Kant was prevented from completing his system of natural philosophy by numerous obligations which resulted from the broad public debate over his works. Inspired by the French Revolution, Germany experienced a euphoric decade of critique before the turn of the eighteenth century. Kant was thus exposed not only to a growing following, but also to a rapidly formed and primarily religiously motivated polemic. He gave proof of his literary ability in his equally polemical responses to this polemic. It is an ability which, in Kant’s main works of critique, only reveals itself to those who have penetrated the difficult coherence of his thought.

In 1796 Kant ceased to teach and in 1801, at the age of 77, retired. His physical strength, already weak, deteriorated rapidly thereafter. Kant could hardly influence the edition of his lectures on anthropology, pedagogy, logic, and geography which were prepared by his students. Nevertheless, he continued working on the yet incomplete philosophy of nature. In doing so, Kant returned once again to the premises of his epistemological critique and conceived a unity of man and nature which bears a remarkable resemblance to the systems of Schelling and Hegel. While writing, Kant’s strength suddenly failed him. The speculative notes break off with increasing regularity, and comments on everyday incidents are interspersed among Kant’s notes. These writings, which today are collected and published under the title Opus postumum, document the way in which Kant’s body gradually failed his mind.

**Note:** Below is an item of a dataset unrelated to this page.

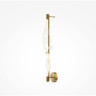 Настенный светильник (бра) MAYTONI OASIS MOD289WL-L18BS3K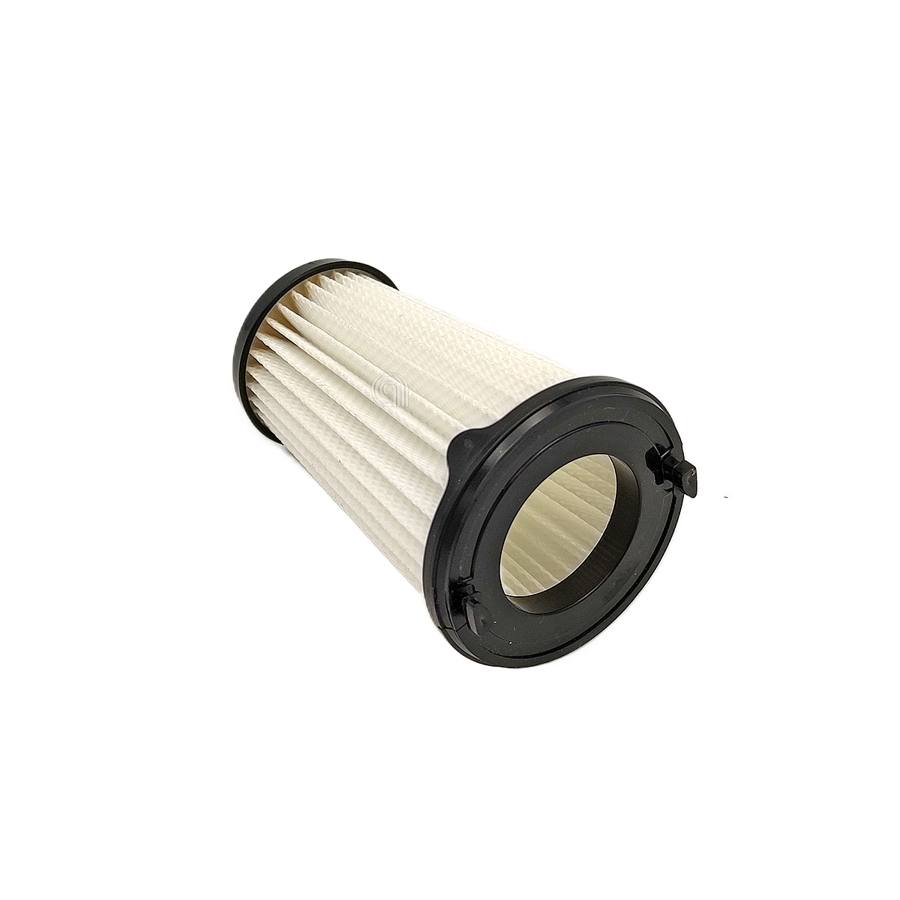 FILTRO HEPA CONICO MONDO ASPIRAPOLVERE AEG-ELECTROLUX immagine 2 - codice 00802939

Kant’s final years were marked by a deterioration of physical and mental powers which was nevertheless born with dignity. On February 12, 1804 Kant died of old age in his city of birth. Despite numerous offers from other universities, Kant never left Konigsberg. Yet he always took an active interest in world events, and kept company with businessmen, administration officials, and officers. He knew the travel literature of his time so well that one might think he had been to Java, America, or London himself. He was an enthusiastic supporter of the ideas of the French Revolution, both in the daily society gathered at his table and in public. In Kant’s main œuvre of critique as well as in his wide-ranging biological, social, and political interests, one driving incentive of Kant’s philosophy is manifest: the exploration of the possibilities and boundaries of man.

In his lectures on logic Kant often summarized the ‘cosmopolitan importance’ of philosophy in four central questions: (a) ‘What can I know?’ (b) ‘What should I do?’ (c) ‘What may I hope for?’ (d) ‘What is man?’ To the first question, Kant added by way of explanation, ‘answer metaphysics; to the second, morality answers; to the third, religion; and to the fourth, anthropology.’ The true meaning of this catalogue of questions is only recognized then when Kant adds that the last question encompasses all the others. In conclusion Kant writes that one could basically count metaphysics, morality, and religion to anthropology, ‘since the first three questions are related to the last.’ Thus Critical Philosophy appears to be, above all, a comprehensive inventory of the best human faculties—and these are the faculties of reason.